Background: The Alberta Stroke Program Early CT Score (ASPECTS) is used to quantify the extent of injury to the brain following acute ischemic stroke (AIS) and to inform treatment decisions. The e-ASPECTS software uses artificial intelligence methods to automatically process non-contrast CT (NCCT) brain scans from patients with AIS affecting the middle cerebral artery (MCA) territory and generate an ASPECTS. This study aimed to evaluate the impact of e-ASPECTS (Brainomix, Oxford, UK) on the performance of US physicians compared to a consensus ground truth.
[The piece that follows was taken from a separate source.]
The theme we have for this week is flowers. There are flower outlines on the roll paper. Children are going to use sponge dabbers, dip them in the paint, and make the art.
Methods: The study used a multi-reader, multi-case design. A total of 10 US board-certified physicians (neurologists and neuroradiologists) scored 54 NCCT brain scans of patients with AIS affecting the MCA territory. Each reader scored each scan on two occasions: once with and once without reference to the e-ASPECTS software, in random order. Agreement with a reference standard (expert consensus read with reference to follow-up imaging) was evaluated with and without software support.

Results: A comparison of the area under the curve (AUC) for each reader showed a significant improvement from 0.81 to 0.83 (p = 0.028) with the support of the e-ASPECTS tool. The agreement of reader ASPECTS scoring with the reference standard was improved with e-ASPECTS compared to unassisted reading of scans: Cohen's kappa improved from 0.60 to 0.65, and the case-based weighted Kappa improved from 0.70 to 0.81.
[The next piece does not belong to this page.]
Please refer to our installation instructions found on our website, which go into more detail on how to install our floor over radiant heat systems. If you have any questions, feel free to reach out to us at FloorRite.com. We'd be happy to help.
Conclusion: Decision support with the e-ASPECTS software significantly improves the accuracy of ASPECTS scoring, even by expert US neurologists and neuroradiologists.

Introduction

The Alberta Stroke Program Early CT Score (ASPECTS) is an 11-point scale (0–10) with which the extent of ischemic change in the middle cerebral artery (MCA) territory of acute ischemic stroke (AIS) can be quantified on a non-contrast CT (NCCT) scan of the brain (1, 2). Guidelines in both the United States and Europe recommend using ASPECTS alongside clinical and other imaging criteria to guide patient selection for reperfusion therapy treatment in AIS (3, 4). The European guidelines also cite the use of ASPECTS to help guide treatment decisions for thrombolysis in the context of severe stroke (5). However, numerous studies have shown inconsistent scoring of ASPECTS, even by trained raters (6, 7).
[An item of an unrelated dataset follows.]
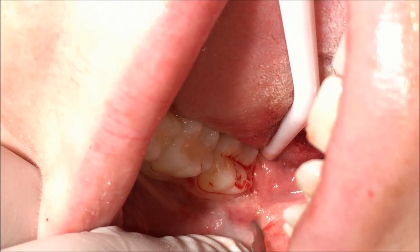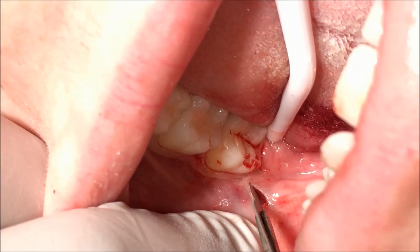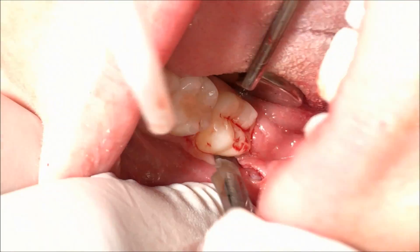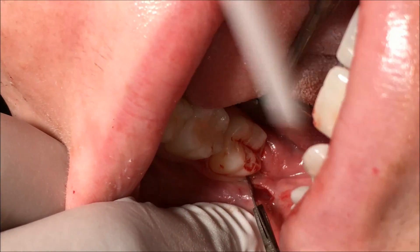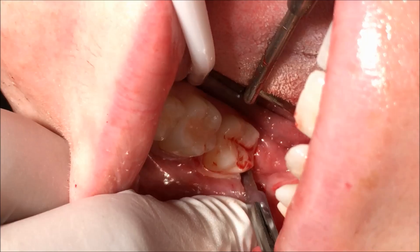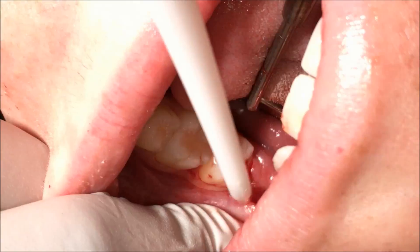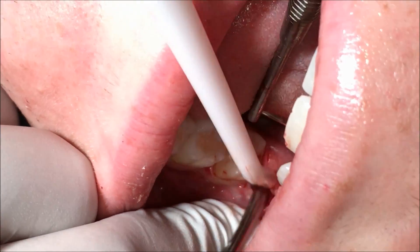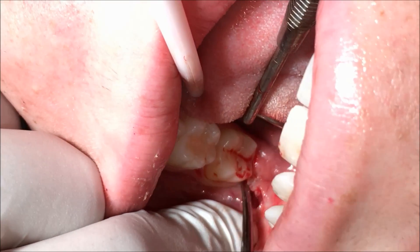My usual envelope flap — it obviously cops a bit of criticism online, and it's not a flap for beginners. I have done this for many years, probably around 8 or 9 years, and the flap is usually very similar to this. Characteristics are no mesial relieving incision and fairly conservative. This one here I've brought around to the mesial of the 7.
Considering the inconsistent scoring between readers, automated decision support software, such as e-ASPECTS (Brainomix, Oxford, UK), has been developed to facilitate consistent evaluation of the NCCT head scan and improve accuracy. Standalone studies have validated the accuracy of the e-ASPECTS software in the setting of AIS in the MCA territory, both with reference to the ASPECTS (813), and the volume generated by the heatmap (1416), which underlies the e-ASPECTS output. Independent studies have also been shown to improve the ASPECTS assessment of scans when using the e-ASPECTS software compared with not using this decision support (17).

In this study, the impact of e-ASPECTS decision support software was quantified for a group of 10 US board-certified neurologists and neuroradiologists. The readers were randomly allocated e-ASPECTS decision support for two reading sessions at least a month apart.

Methods

Patients and scan acquisition

A total of 54 patient scans were acquired from a cohort registry of patients with confirmed AIS of the MCA territory presenting to the Mayo Clinic, Rochester, United States, between July 2015 and February 2020. Patient eligibility for endovascular therapy was determined per the institutional protocol at the time of presentation. Cases not meeting the study criteria were not included. The diagnosis was confirmed by the treating team with reference to clinical and comprehensive imaging data (including CT angiography to confirm the vascular territory of the stroke).

Serial patients meeting the following criteria were included in this study: AIS affecting the MCA territory; eligible for acute endovascular reperfusion therapy; no evidence of intracranial hemorrhage; imaging data of adequate quality (e.g., free from excessive motion leading to major artifacts) with associated demographic and follow-up imaging available.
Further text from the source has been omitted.